View compaction follows the same rule. A CUDA backend may copy a CUDA view into compact CUDA memory, a WebGPU backend may copy a WebGPU view into compact WebGPU memory, and host code may copy a host view into compact host memory, but tenferro does not use that copy as a hidden CPU/GPU transfer.

Eager GPU Synchronization

Eager GPU execution submits work immediately and returns a provider-resident Tensor handle. Normal kernel launches do not imply host synchronization after every op. Subsequent GPU ops can consume the returned handle on the same backend stream or queue.

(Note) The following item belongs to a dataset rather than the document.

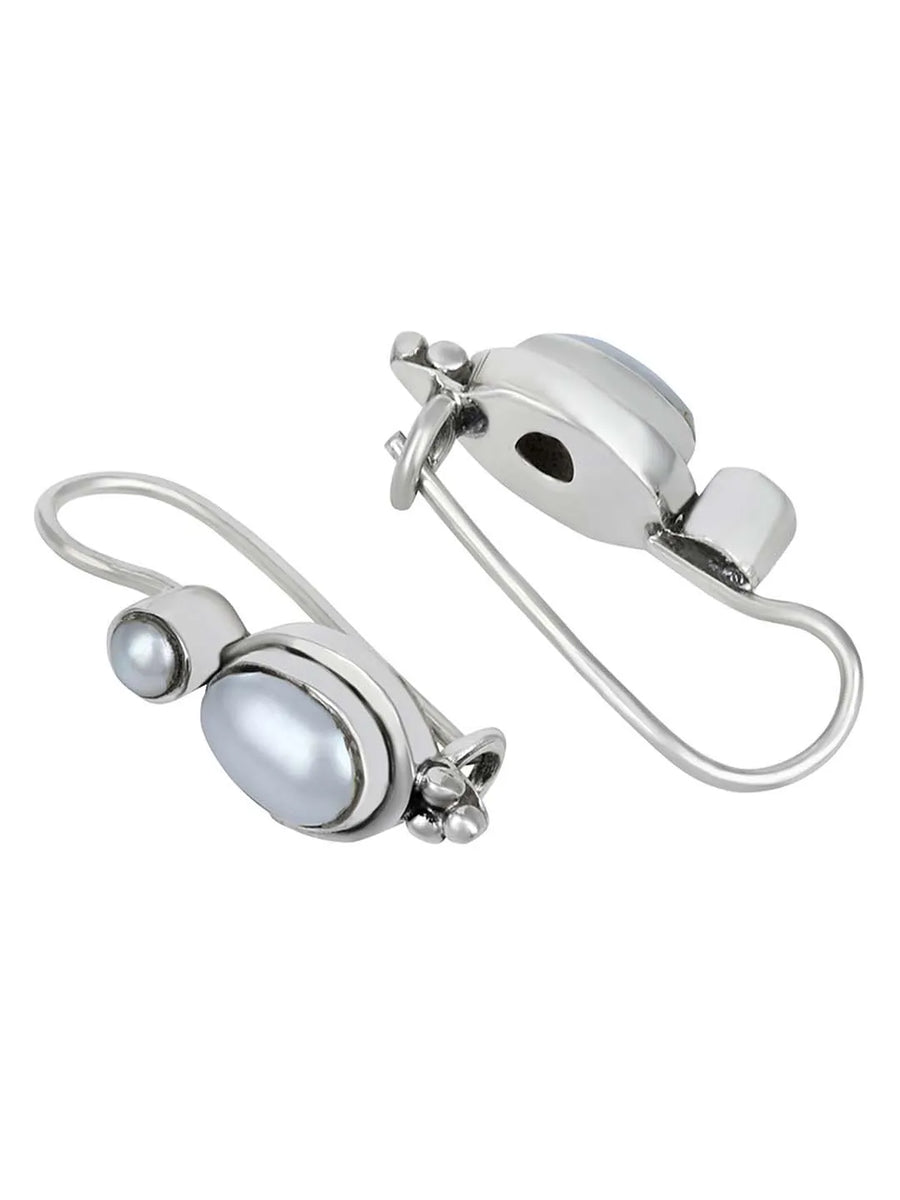 Blossoming Beauty Drop Earrings - White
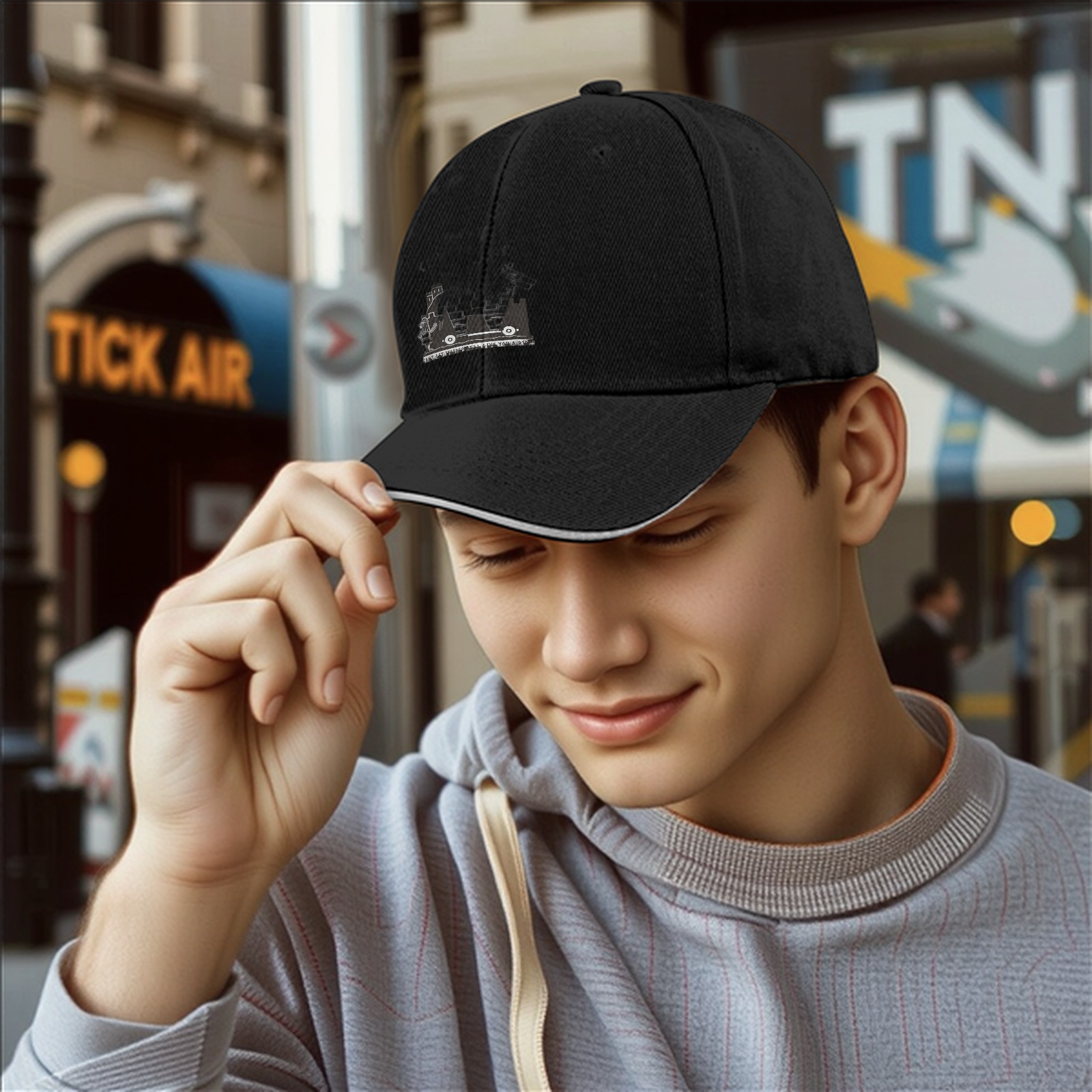 Black baseball cap with monochrome graphic print on front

The host waits when a value is downloaded or otherwise inspected on the host. Some library-backed operations also synchronize internally when they must read device-side status.

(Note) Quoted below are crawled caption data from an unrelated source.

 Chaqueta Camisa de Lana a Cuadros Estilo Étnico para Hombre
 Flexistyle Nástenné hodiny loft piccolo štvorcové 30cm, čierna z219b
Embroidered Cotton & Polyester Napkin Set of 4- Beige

Use EagerRuntime::synchronize() when code needs an explicit host-side barrier for the eager runtime. CPU runtimes return immediately; CUDA runtimes wait for the current backend stream, and WebGPU runtimes wait for the WebGPU queue. Direct GPU backend code can call the provider runtime’s synchronize() through backend.runtime().

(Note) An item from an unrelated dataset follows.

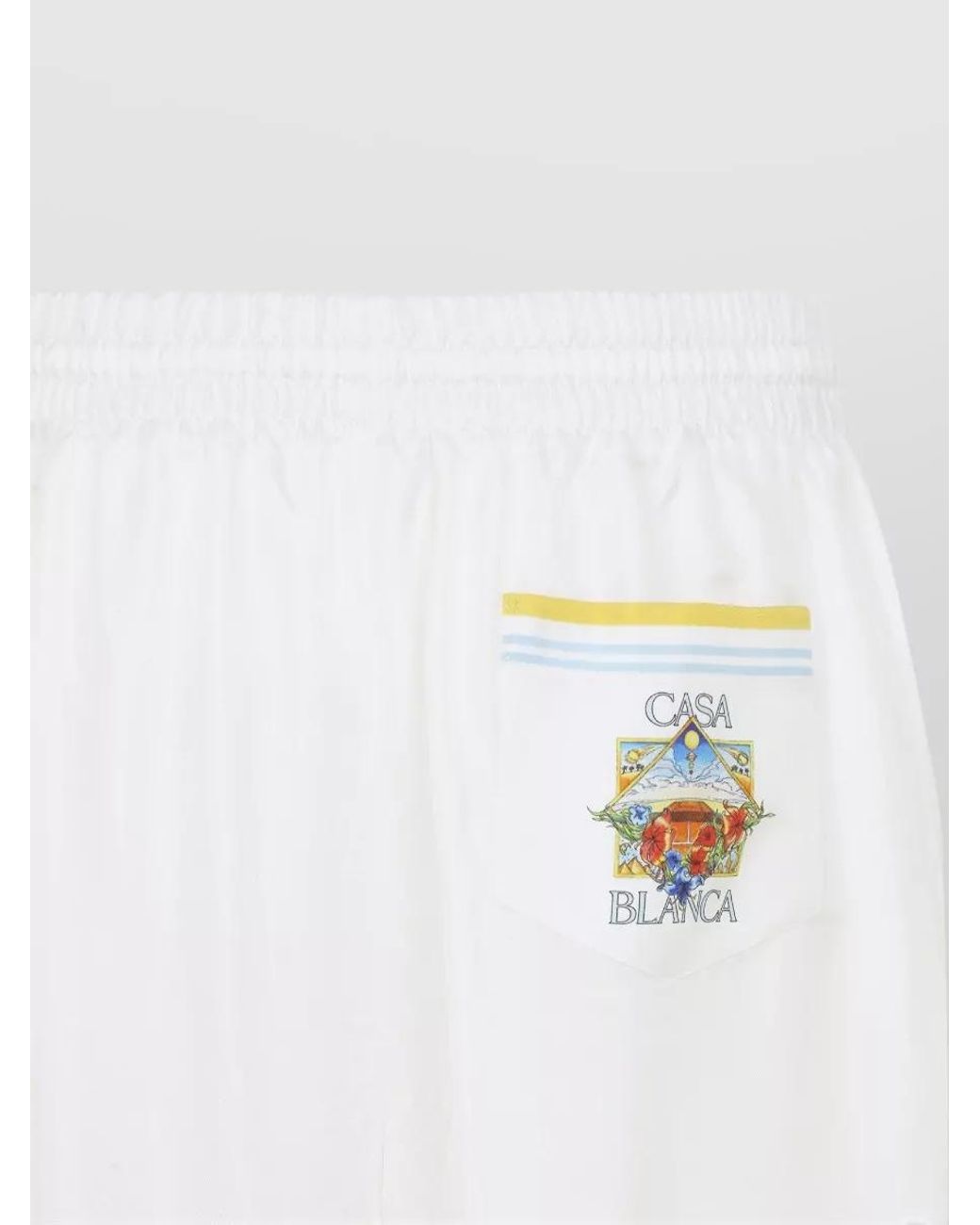 Casablanca Multicolor Silk Printed Deck Shorts for men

For a time-axis diagram, see Execution Models.

CUDA Quickstart

use tenferro_gpu::{download_tensor, upload_tensor, CudaBackend};
use tenferro_tensor::{Tensor, TensorElementwise};

fn main() -> Result<(), Box<dyn std::error::Error>> {
    if !tenferro_gpu::gpu_available() {
        return Ok(());
    }

    let mut backend = CudaBackend::new(0)?;
    let cpu_a = Tensor::from_vec_col_major(vec![2], vec![1.0_f64, 2.0]).unwrap();
    let cpu_b = Tensor::from_vec_col_major(vec![2], vec![3.0_f64, 4.0]).unwrap();

    let gpu_a = upload_tensor(backend.runtime(), &cpu_a)?;
    let gpu_b = upload_tensor(backend.runtime(), &cpu_b)?;
    let gpu_c = backend.add(&gpu_a, &gpu_b)?;
    let cpu_c = download_tensor(backend.runtime(), &gpu_c)?;

    assert_eq!(cpu_c.as_slice::<f64>().unwrap(), &[4.0, 6.0]);
    Ok(())
}

Compile-check the example without requiring a GPU:

cargo check -p tenferro-gpu --features cuda --example cuda_quickstart

Run it on a configured CUDA machine:

CUDA_PATH=/usr/local/cuda-12.8 \
LD_LIBRARY_PATH=$CUDA_PATH/lib64:$LD_LIBRARY_PATH \
  cargo run -p tenferro-gpu --features cuda --example cuda_quickstart

The example downloads the result back to CPU and asserts the expected values.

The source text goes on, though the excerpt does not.